EXERCISE:
Transcribe every record that appears below, exactly and in full.

SOURCE DATA:
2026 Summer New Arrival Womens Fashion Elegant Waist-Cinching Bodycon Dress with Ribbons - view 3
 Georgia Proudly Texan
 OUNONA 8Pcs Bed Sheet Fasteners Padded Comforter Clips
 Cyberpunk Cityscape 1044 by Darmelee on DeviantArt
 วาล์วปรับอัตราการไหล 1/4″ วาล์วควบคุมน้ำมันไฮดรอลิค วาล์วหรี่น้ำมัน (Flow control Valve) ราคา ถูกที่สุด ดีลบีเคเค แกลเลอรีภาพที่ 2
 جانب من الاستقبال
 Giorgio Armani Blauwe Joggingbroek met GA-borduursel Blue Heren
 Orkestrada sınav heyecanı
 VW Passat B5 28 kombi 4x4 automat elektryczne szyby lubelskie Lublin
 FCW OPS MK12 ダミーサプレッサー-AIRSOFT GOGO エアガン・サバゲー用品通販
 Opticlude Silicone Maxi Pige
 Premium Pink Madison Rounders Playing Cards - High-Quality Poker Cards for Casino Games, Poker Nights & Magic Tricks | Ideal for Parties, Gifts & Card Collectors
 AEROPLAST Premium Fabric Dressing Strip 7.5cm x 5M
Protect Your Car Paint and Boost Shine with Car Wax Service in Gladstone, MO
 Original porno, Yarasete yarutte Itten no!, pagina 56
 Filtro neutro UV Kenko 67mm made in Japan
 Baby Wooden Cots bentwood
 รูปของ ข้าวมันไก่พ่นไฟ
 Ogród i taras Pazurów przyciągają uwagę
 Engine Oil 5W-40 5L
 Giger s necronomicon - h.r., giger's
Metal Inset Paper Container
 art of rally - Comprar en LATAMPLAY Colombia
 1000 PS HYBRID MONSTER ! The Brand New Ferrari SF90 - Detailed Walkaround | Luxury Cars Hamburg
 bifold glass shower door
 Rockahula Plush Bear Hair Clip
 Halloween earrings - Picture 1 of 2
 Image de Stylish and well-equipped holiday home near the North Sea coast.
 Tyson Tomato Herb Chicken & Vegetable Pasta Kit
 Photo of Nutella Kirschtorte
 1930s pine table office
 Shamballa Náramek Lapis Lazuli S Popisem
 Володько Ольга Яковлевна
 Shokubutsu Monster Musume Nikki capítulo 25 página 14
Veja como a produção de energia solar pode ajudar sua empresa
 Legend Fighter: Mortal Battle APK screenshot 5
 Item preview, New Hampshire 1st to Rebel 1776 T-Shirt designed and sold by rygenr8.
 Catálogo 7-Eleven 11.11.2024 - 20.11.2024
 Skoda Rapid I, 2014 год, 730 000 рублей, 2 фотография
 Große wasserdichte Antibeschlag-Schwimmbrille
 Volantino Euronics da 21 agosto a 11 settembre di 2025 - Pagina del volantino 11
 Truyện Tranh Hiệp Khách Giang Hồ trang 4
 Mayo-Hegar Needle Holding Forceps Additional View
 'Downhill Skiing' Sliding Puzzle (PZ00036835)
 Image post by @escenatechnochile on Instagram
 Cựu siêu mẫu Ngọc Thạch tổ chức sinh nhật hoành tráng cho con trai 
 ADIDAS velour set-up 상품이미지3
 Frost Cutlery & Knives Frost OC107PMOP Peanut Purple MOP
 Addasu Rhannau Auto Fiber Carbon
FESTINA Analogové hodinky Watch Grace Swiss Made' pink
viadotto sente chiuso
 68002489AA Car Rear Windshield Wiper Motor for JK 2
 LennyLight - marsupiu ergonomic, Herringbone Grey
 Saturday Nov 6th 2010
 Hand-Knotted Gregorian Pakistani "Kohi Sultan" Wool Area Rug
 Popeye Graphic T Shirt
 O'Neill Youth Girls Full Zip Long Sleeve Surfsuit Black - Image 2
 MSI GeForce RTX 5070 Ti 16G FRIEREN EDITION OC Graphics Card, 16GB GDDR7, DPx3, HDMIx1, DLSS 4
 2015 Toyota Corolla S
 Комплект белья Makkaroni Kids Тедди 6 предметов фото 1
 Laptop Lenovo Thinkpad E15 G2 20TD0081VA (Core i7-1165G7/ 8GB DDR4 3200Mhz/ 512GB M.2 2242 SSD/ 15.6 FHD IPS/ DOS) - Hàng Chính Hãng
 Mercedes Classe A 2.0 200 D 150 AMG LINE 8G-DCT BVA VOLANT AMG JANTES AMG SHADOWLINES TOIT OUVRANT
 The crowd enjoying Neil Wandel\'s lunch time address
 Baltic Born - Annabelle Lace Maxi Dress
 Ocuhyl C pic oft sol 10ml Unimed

RESULT:
2026 Summer New Arrival Womens Fashion Elegant Waist-Cinching Bodycon Dress with Ribbons - view 3
 Georgia Proudly Texan
 OUNONA 8Pcs Bed Sheet Fasteners Padded Comforter Clips
 Cyberpunk Cityscape 1044 by Darmelee on DeviantArt
 วาล์วปรับอัตราการไหล 1/4″ วาล์วควบคุมน้ำมันไฮดรอลิค วาล์วหรี่น้ำมัน (Flow control Valve) ราคา ถูกที่สุด ดีลบีเคเค แกลเลอรีภาพที่ 2
 جانب من الاستقبال
 Giorgio Armani Blauwe Joggingbroek met GA-borduursel Blue Heren
 Orkestrada sınav heyecanı
 VW Passat B5 28 kombi 4x4 automat elektryczne szyby lubelskie Lublin
 FCW OPS MK12 ダミーサプレッサー-AIRSOFT GOGO エアガン・サバゲー用品通販
 Opticlude Silicone Maxi Pige
 Premium Pink Madison Rounders Playing Cards - High-Quality Poker Cards for Casino Games, Poker Nights & Magic Tricks | Ideal for Parties, Gifts & Card Collectors
 AEROPLAST Premium Fabric Dressing Strip 7.5cm x 5M
Protect Your Car Paint and Boost Shine with Car Wax Service in Gladstone, MO
 Original porno, Yarasete yarutte Itten no!, pagina 56
 Filtro neutro UV Kenko 67mm made in Japan
 Baby Wooden Cots bentwood
 รูปของ ข้าวมันไก่พ่นไฟ
 Ogród i taras Pazurów przyciągają uwagę
 Engine Oil 5W-40 5L
 Giger s necronomicon - h.r., giger's
Metal Inset Paper Container
 art of rally - Comprar en LATAMPLAY Colombia
 1000 PS HYBRID MONSTER ! The Brand New Ferrari SF90 - Detailed Walkaround | Luxury Cars Hamburg
 bifold glass shower door
 Rockahula Plush Bear Hair Clip
 Halloween earrings - Picture 1 of 2
 Image de Stylish and well-equipped holiday home near the North Sea coast.
 Tyson Tomato Herb Chicken & Vegetable Pasta Kit
 Photo of Nutella Kirschtorte
 1930s pine table office
 Shamballa Náramek Lapis Lazuli S Popisem
 Володько Ольга Яковлевна
 Shokubutsu Monster Musume Nikki capítulo 25 página 14
Veja como a produção de energia solar pode ajudar sua empresa
 Legend Fighter: Mortal Battle APK screenshot 5
 Item preview, New Hampshire 1st to Rebel 1776 T-Shirt designed and sold by rygenr8.
 Catálogo 7-Eleven 11.11.2024 - 20.11.2024
 Skoda Rapid I, 2014 год, 730 000 рублей, 2 фотография
 Große wasserdichte Antibeschlag-Schwimmbrille
 Volantino Euronics da 21 agosto a 11 settembre di 2025 - Pagina del volantino 11
 Truyện Tranh Hiệp Khách Giang Hồ trang 4
 Mayo-Hegar Needle Holding Forceps Additional View
 'Downhill Skiing' Sliding Puzzle (PZ00036835)
 Image post by @escenatechnochile on Instagram
 Cựu siêu mẫu Ngọc Thạch tổ chức sinh nhật hoành tráng cho con trai 
 ADIDAS velour set-up 상품이미지3
 Frost Cutlery & Knives Frost OC107PMOP Peanut Purple MOP
 Addasu Rhannau Auto Fiber Carbon
FESTINA Analogové hodinky Watch Grace Swiss Made' pink
viadotto sente chiuso
 68002489AA Car Rear Windshield Wiper Motor for JK 2
 LennyLight - marsupiu ergonomic, Herringbone Grey
 Saturday Nov 6th 2010
 Hand-Knotted Gregorian Pakistani "Kohi Sultan" Wool Area Rug
 Popeye Graphic T Shirt
 O'Neill Youth Girls Full Zip Long Sleeve Surfsuit Black - Image 2
 MSI GeForce RTX 5070 Ti 16G FRIEREN EDITION OC Graphics Card, 16GB GDDR7, DPx3, HDMIx1, DLSS 4
 2015 Toyota Corolla S
 Комплект белья Makkaroni Kids Тедди 6 предметов фото 1
 Laptop Lenovo Thinkpad E15 G2 20TD0081VA (Core i7-1165G7/ 8GB DDR4 3200Mhz/ 512GB M.2 2242 SSD/ 15.6 FHD IPS/ DOS) - Hàng Chính Hãng
 Mercedes Classe A 2.0 200 D 150 AMG LINE 8G-DCT BVA VOLANT AMG JANTES AMG SHADOWLINES TOIT OUVRANT
 The crowd enjoying Neil Wandel\'s lunch time address
 Baltic Born - Annabelle Lace Maxi Dress
 Ocuhyl C pic oft sol 10ml Unimed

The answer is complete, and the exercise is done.